Easy, just tell her you want to convert her closet to a walk-in humidor. When she inevitably slaps you, say that you would "settle" for just a 300-count desktop humidor.


----------



## MDSPHOTO (Sep 10, 2013)

Unfortunately 150 count, hight quality and under $200 rarely go together. If you want to actually store 150 cigars you really need at least a 200-300 count humidor and most of those under 2 bills would not be considered quality units. I have a Salvador 250 count that may hold 165 sticks and was under $200, but it would never be confused as a quality unit. If, as you say, steady humidity is the most important attribute you should consider a coolidor. You can get a full set-up with shelves and kitty litter at Wally world for less than $100 and have room for several hundred sticks and full boxes.


----------



## DesertRat (Oct 20, 2013)

MDSPHOTO said:


> Unfortunately 150 count, hight quality and under $200 rarely go together. If you want to actually store 150 cigars you really need at least a 200-300 count humidor and most of those under 2 bills would not be considered quality units. I have a Salvador 250 count that may hold 165 sticks and was under $200, but it would never be confused as a quality unit. If, as you say, steady humidity is the most important attribute you should consider a coolidor. You can get a full set-up with shelves and kitty litter at Wally world for less than $100 and have room for several hundred sticks and full boxes.


Good point!


----------



## Indy-hp (Feb 22, 2014)

I outgrew the 50-count that I had gotten when I started smoking cigars and got a Bourbon Street 125 from Thompson's for $99. It is a very nice budget humi. 

I considered getting a larger one, but wanted that size because it just fit on the shelf the living room that I had planned for it, and I expected it would be big enough for my needs.

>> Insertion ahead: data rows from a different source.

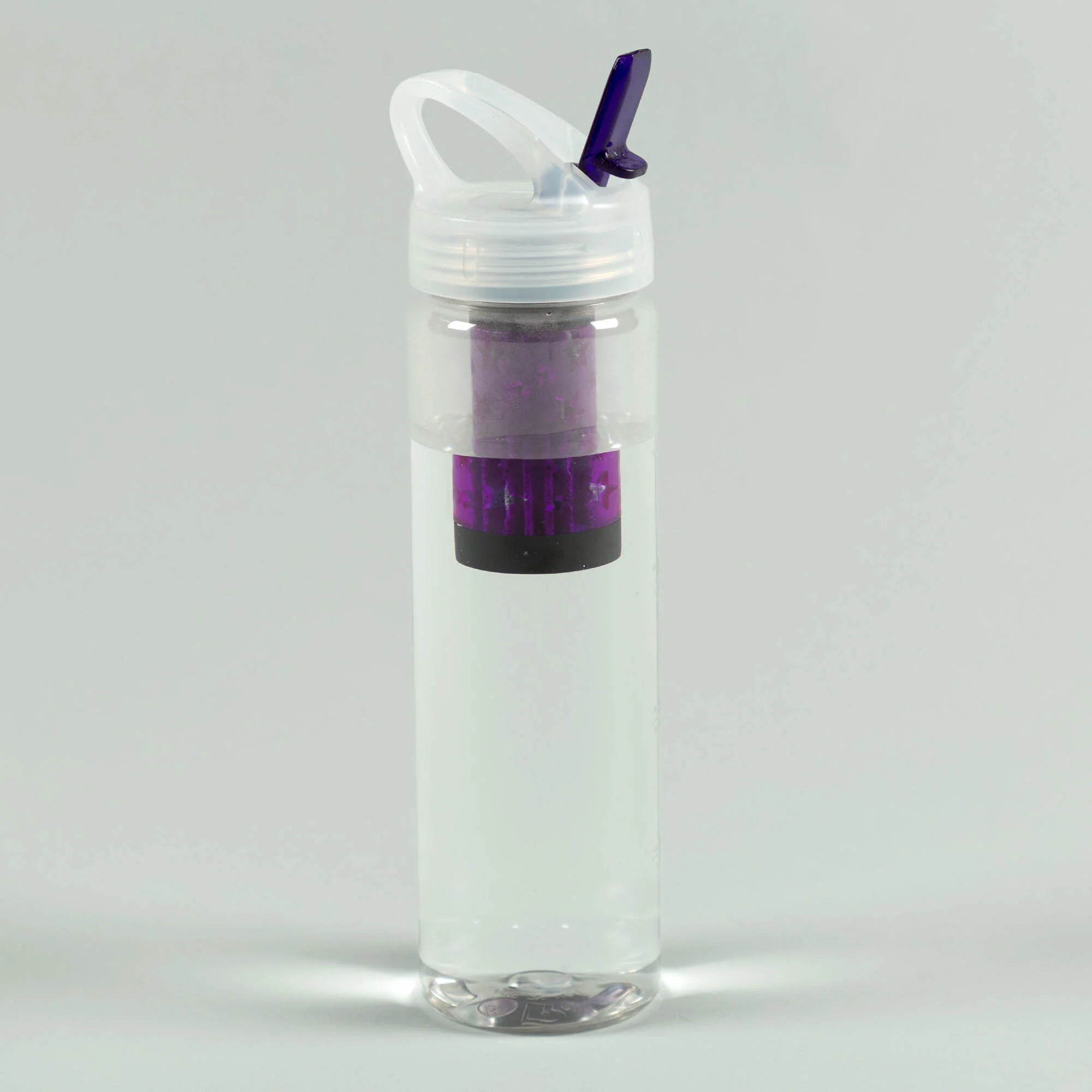 Provide Reusable Resources To Families In Need To Help Save The Environment - Image 5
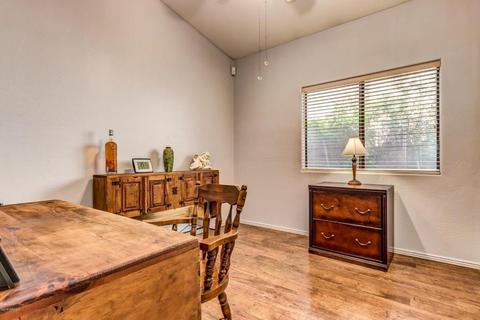1824 E Chilton Dr, Tempe, AZ 85283 photo 17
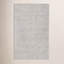 Tapis Wander-1715179138-1719656905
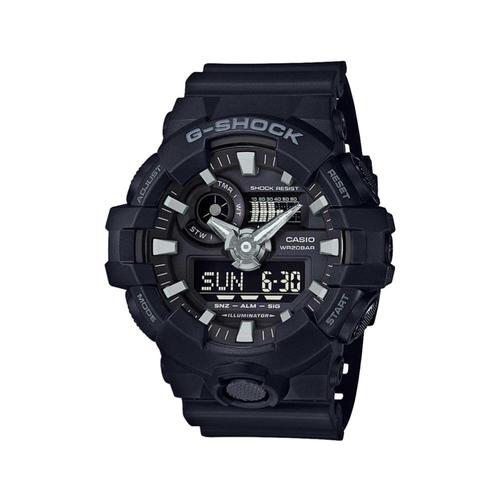 שעון יד  GA-700-1B G-SHOCK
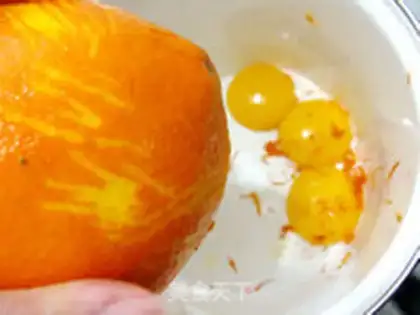Make step 10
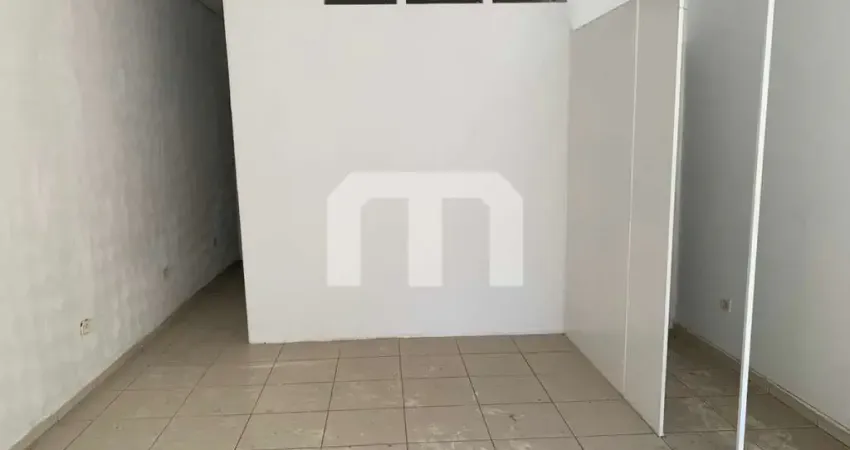 Oportunidade de investimento - residencial ou comercial no tatuapé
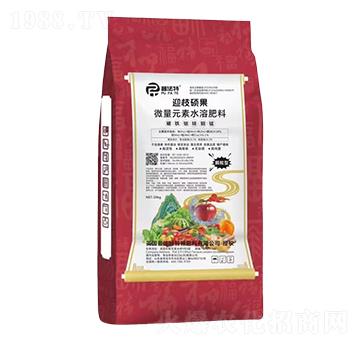 ���F�f�\�~�i-ӭ֦�T��-�շ���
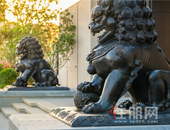 龙湖TOP系产品力，凭什么在邕江边独占鳌头？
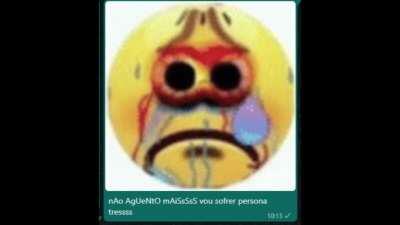 ate vendeu o chapeu e não serviu de nada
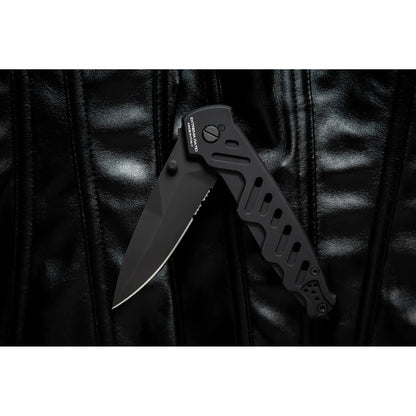 Couteau pliant CAIMANO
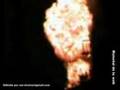 Explosion en Celaya Edicion Especial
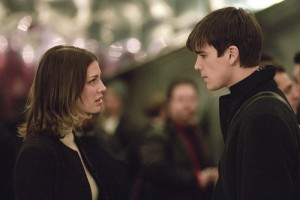 Hep Seni Aradım Fotoğrafı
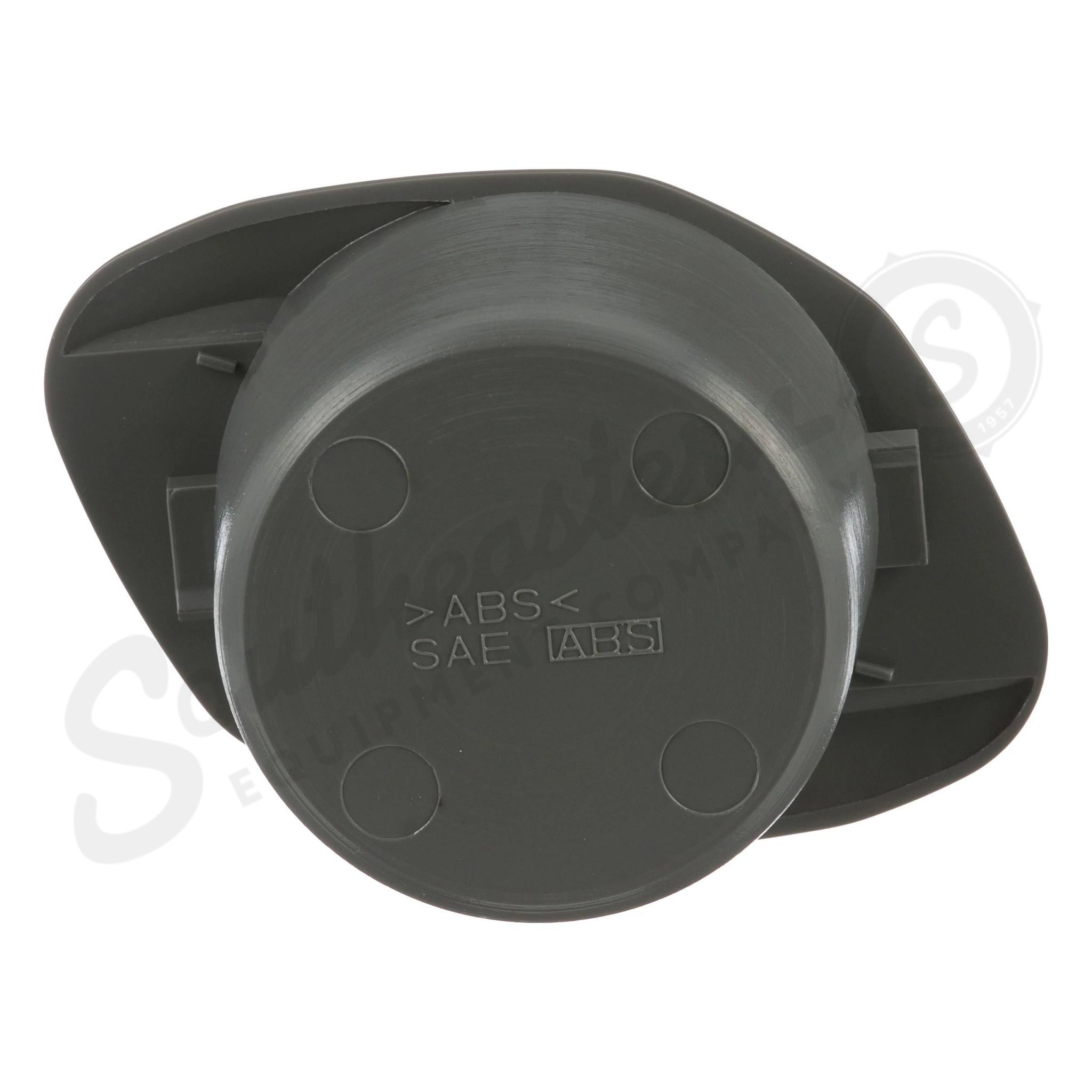SPL Holder
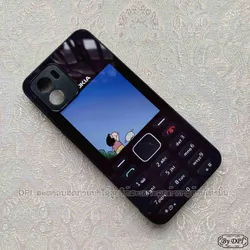 ເຄສທັງໝົດ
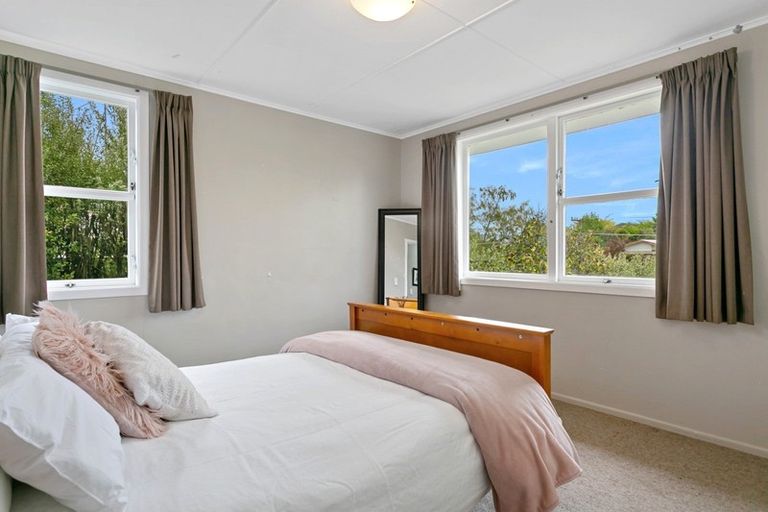 Photo of property in 85 Taharepa Road, Hilltop, Taupo, 3330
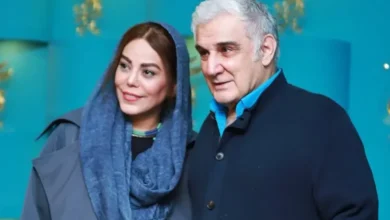 2330241 852 780x470 1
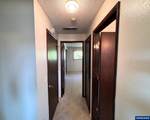 3704 Hill St - Photo 16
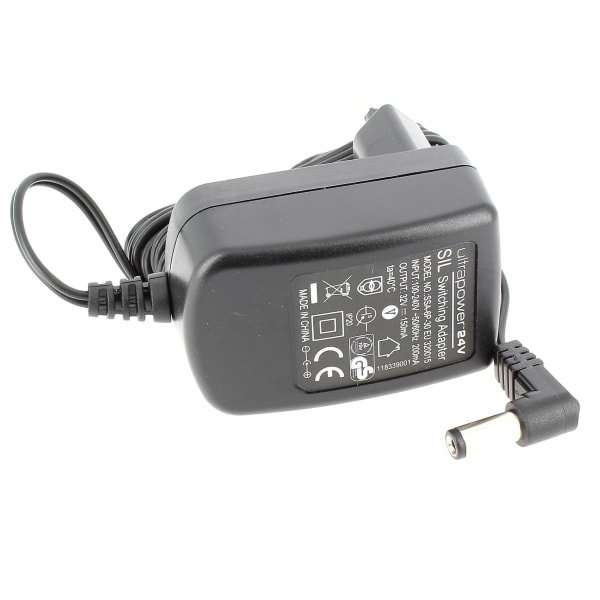 Chargeur 24v ssa-6p-30eu320015 grand format (1 / 1)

I'm a puffer, not a collector.

It did turn out to be a tad small, and I ended up keeping my 50-count, which I had intended to retire, up and running on the desk in my home office. I keep a handful of each stick I've tried and liked in the 50 for long term resting, and use the 125 for everyday storage. Together, they are the perfect capacity for now.


----------



## DooDude (Nov 22, 2013)

MDSPHOTO said:


> Unfortunately 150 count, hight quality and under $200 rarely go together. If you want to actually store 150 cigars you really need at least a 200-300 count humidor and most of those under 2 bills would not be considered quality units. I have a Salvador 250 count that may hold 165 sticks and was under $200, but it would never be confused as a quality unit. If, as you say, steady humidity is the most important attribute you should consider a coolidor. You can get a full set-up with shelves and kitty litter at Wally world for less than $100 and have room for several hundred sticks and full boxes.


That's what I said.
A nice humidor is cool no doubt, just not functional. A coolidor gets the job done. Keep the humi for the desktop to show your favorites off.


----------



## DesertRat (Oct 20, 2013)

DooDude said:


> That's what I said.
> A nice humidor is cool no doubt, just not functional. A coolidor gets the job done. Keep the humi for the desktop to show your favorites off.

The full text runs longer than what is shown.